[RECORDED INFORMATION]

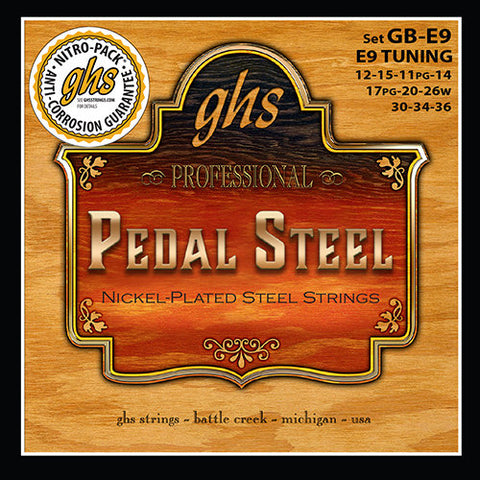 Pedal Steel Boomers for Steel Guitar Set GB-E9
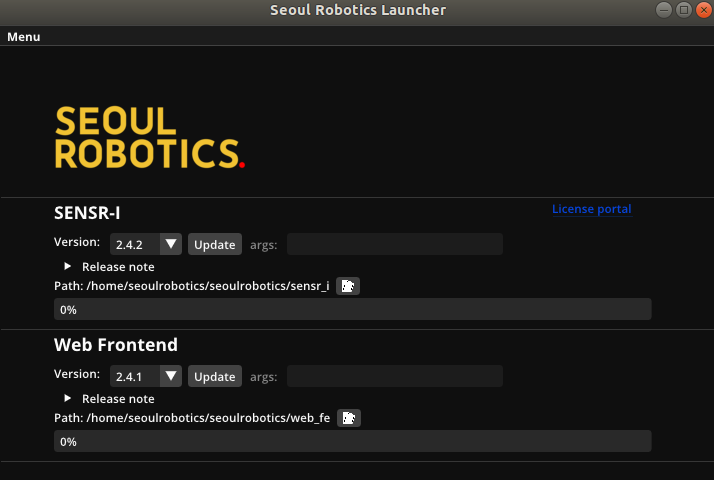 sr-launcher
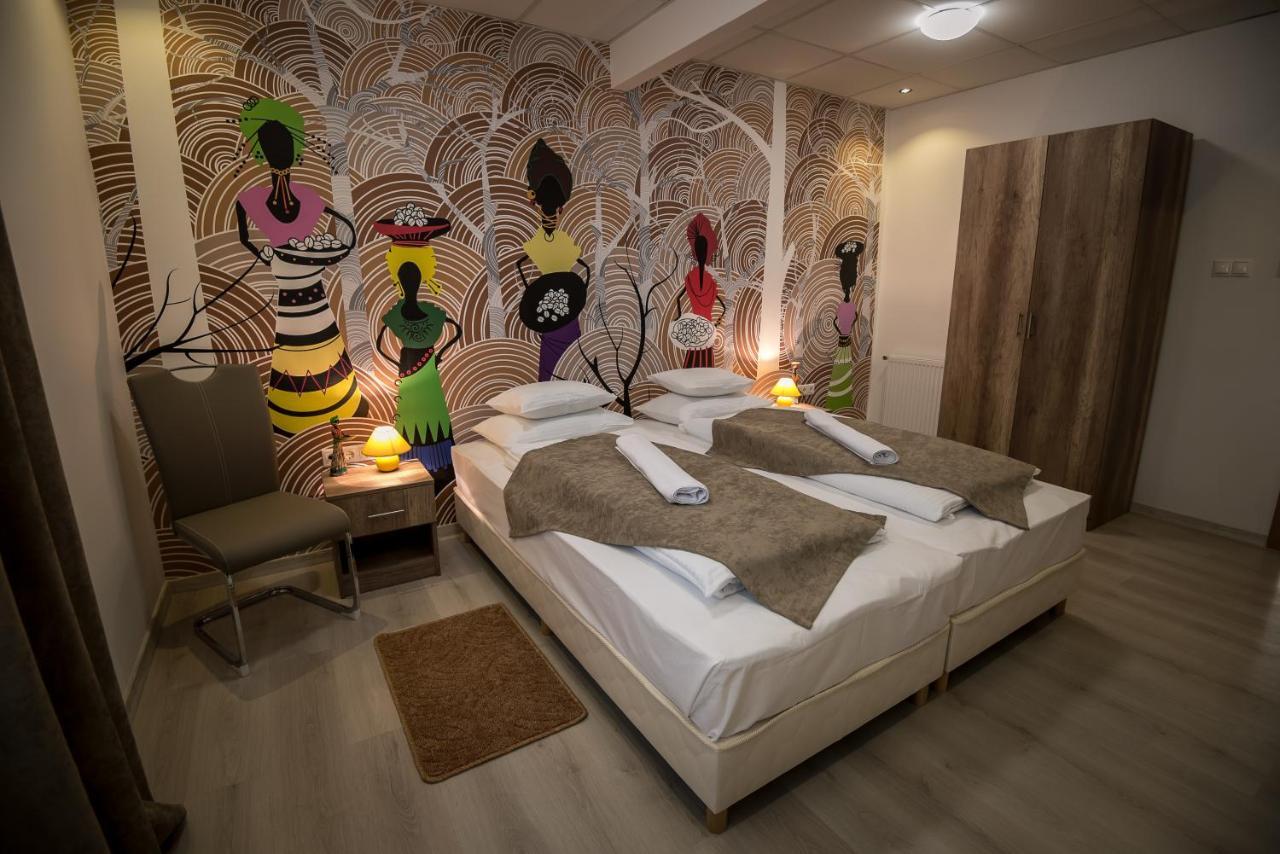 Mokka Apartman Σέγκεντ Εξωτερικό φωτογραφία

[WORK TO BE COMPLETED] Only the pictures are to be omitted; restate everything else above exactly.

[TASK RESULT]
 Pedal Steel Boomers for Steel Guitar Set GB-E9
 sr-launcher
 Mokka Apartman Σέγκεντ Εξωτερικό φωτογραφία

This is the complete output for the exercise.